En 1950, cuando empezó la guerra en Corea del Sur, Kim Chin-Kyung, de 15 años, se alistó en el ejército para defender su tierra natal. Sin embargo, no tardó en darse cuenta de que no estaba preparado para los horrores del combate. Mientras sus amigos morían a su alrededor, le rogó a Dios que lo protegiera y prometió que, si le permitía seguir con vida, aprendería a amar a sus enemigos.

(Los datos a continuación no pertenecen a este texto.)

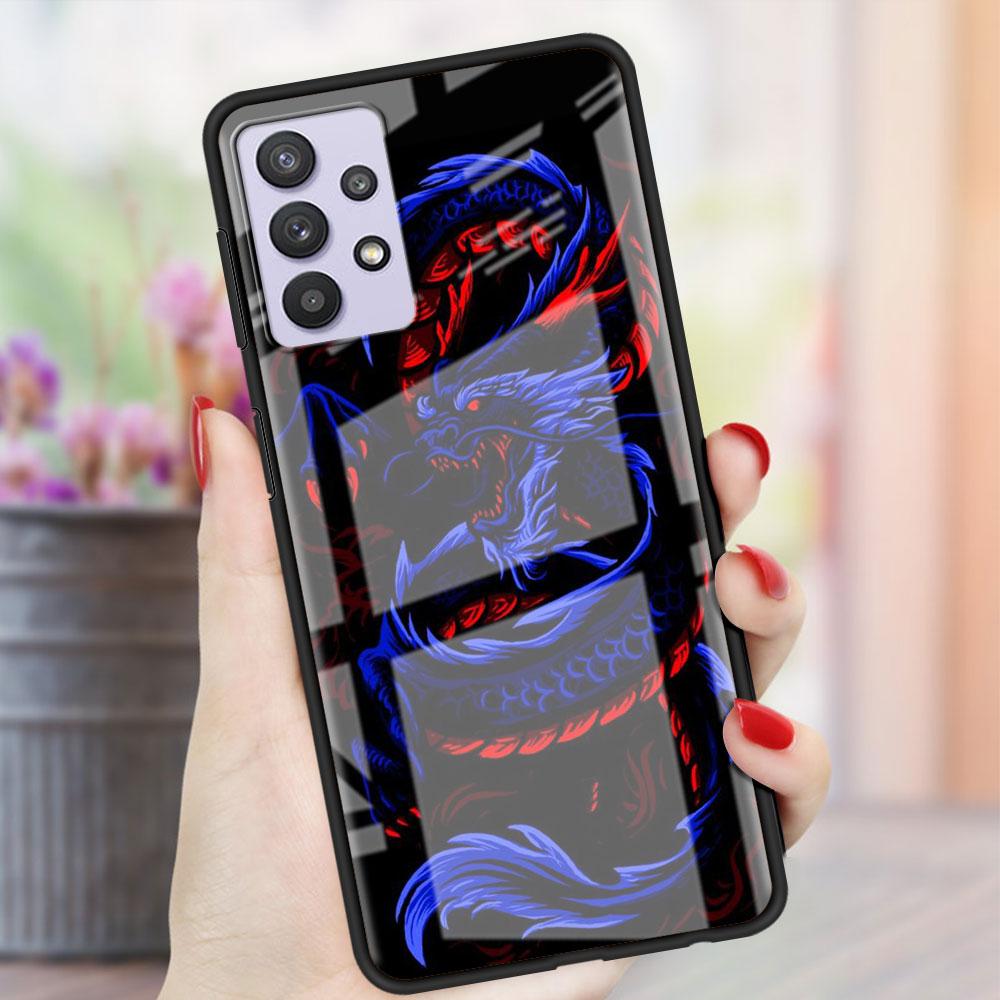 Husă de Sticlă cu Animal Dragon Pentru Samsung Galaxy A52 A71 A50 A51 A70 A21s A31 A72 A10 A12 A30 A22 5G Husă Telefon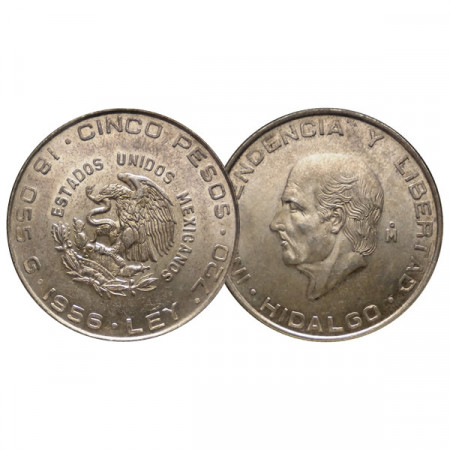 1956 Mo * 5 Pesos Argento Messico "Miguel Hidalgo" (KM 469) SPL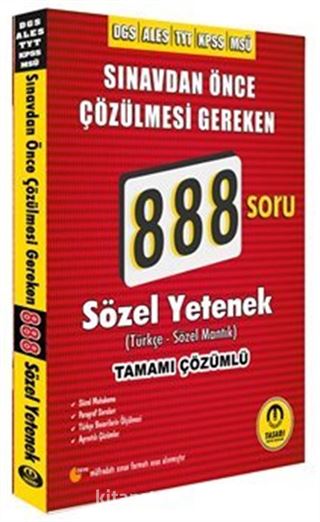 DGS 888 Sözel Yetenek Çözümlü Soru Bankası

Sesenta y cinco años después, el Dr. Kim reflexionaba sobre esa oración respondida. A lo largo de décadas de ocuparse de los huérfanos y colaborar en la educación de jóvenes chinos y norcoreanos, se hizo amigo de muchos que antes consideraba enemigos. Actualmente, rechaza las calificaciones políticas y se autodenomina un amador, como una manera de expresar su fe en Jesús.

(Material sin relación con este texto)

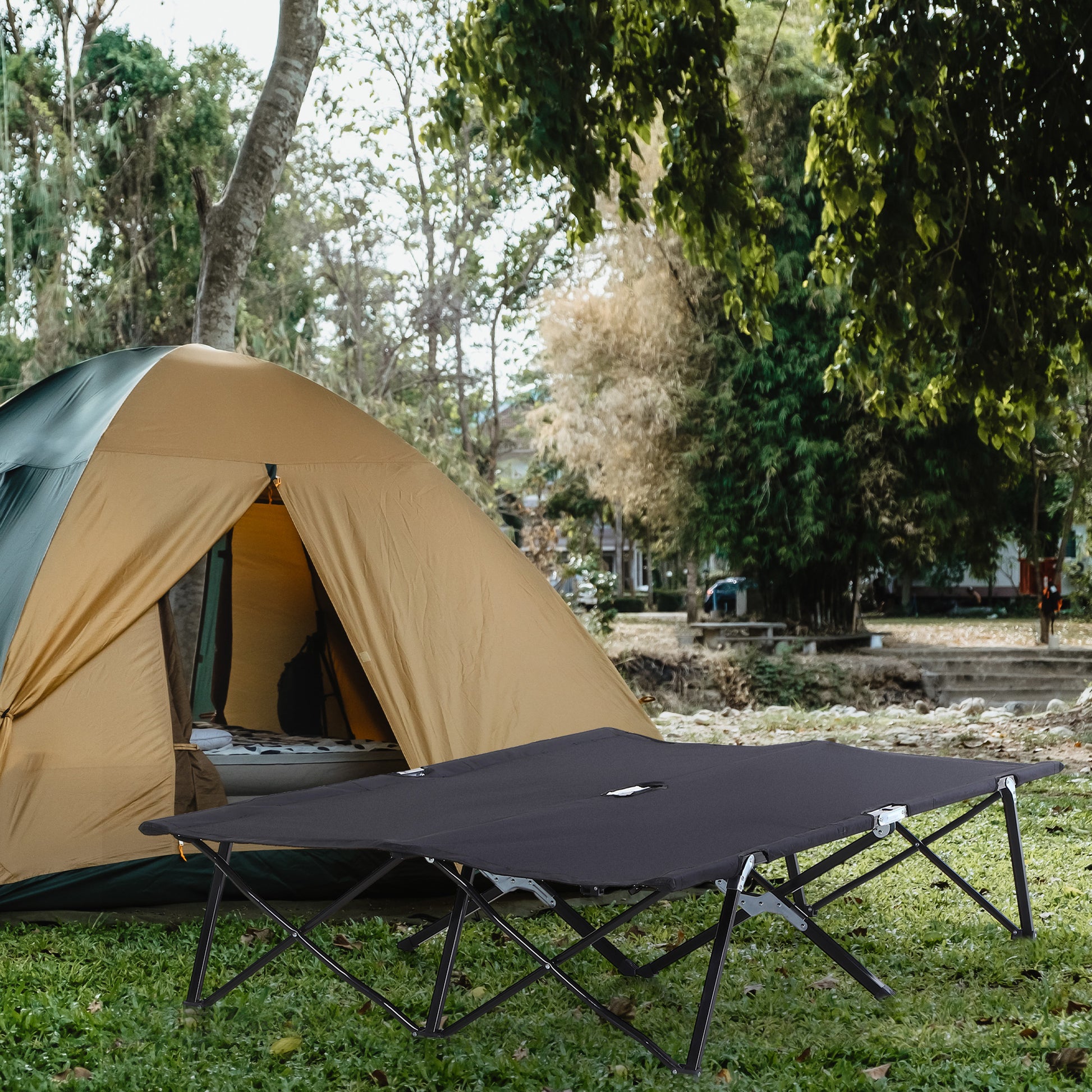 tent bed adults Outsunny 2 Person Folding Camping Cot For Adults, 50" Extra Wide Outdoor Portable Sleeping Cot With Carry Bag, Elevated Camping Bed, Beach Hiking,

El profeta Jonás dejó un legado diferente. Ni siquiera zafarse del vientre de un gran pez transformó su corazón, y aunque finalmente obedeció a Dios, dijo que prefería morir antes que ver que el Señor tuviera misericordia de sus enemigos (Jonás 4:1-2, 8).
¿Cuál es nuestra actitud? ¿Sentiremos lo mismo que Jonás por aquellos que odiamos o le pediremos a Dios que nos ayude a amar a nuestros enemigos como Él lo ha hecho con nosotros?